Required action:
All that is wanted is the line with "Cette image montre" and each line after it to the end of the data below, set down exactly and without pictures.

Data section:
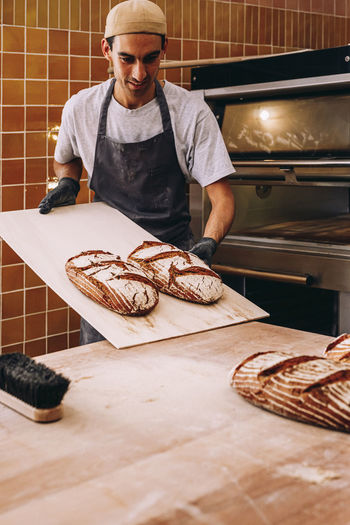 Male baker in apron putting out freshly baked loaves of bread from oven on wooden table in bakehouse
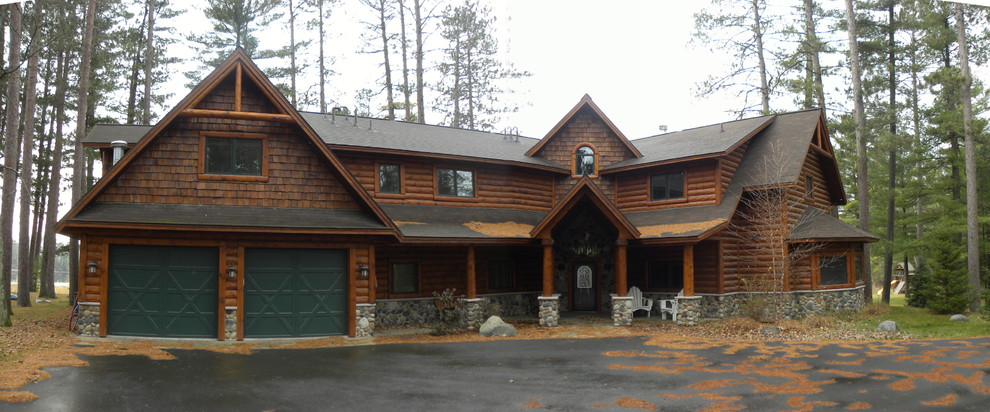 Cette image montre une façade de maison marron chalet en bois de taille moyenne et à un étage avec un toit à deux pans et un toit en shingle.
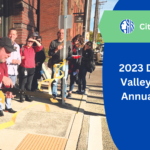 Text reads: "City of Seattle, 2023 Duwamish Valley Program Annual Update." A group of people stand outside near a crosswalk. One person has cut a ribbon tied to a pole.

Exercise answer:
 Cette image montre une façade de maison marron chalet en bois de taille moyenne et à un étage avec un toit à deux pans et un toit en shingle.
 Text reads: "City of Seattle, 2023 Duwamish Valley Program Annual Update." A group of people stand outside near a crosswalk. One person has cut a ribbon tied to a pole.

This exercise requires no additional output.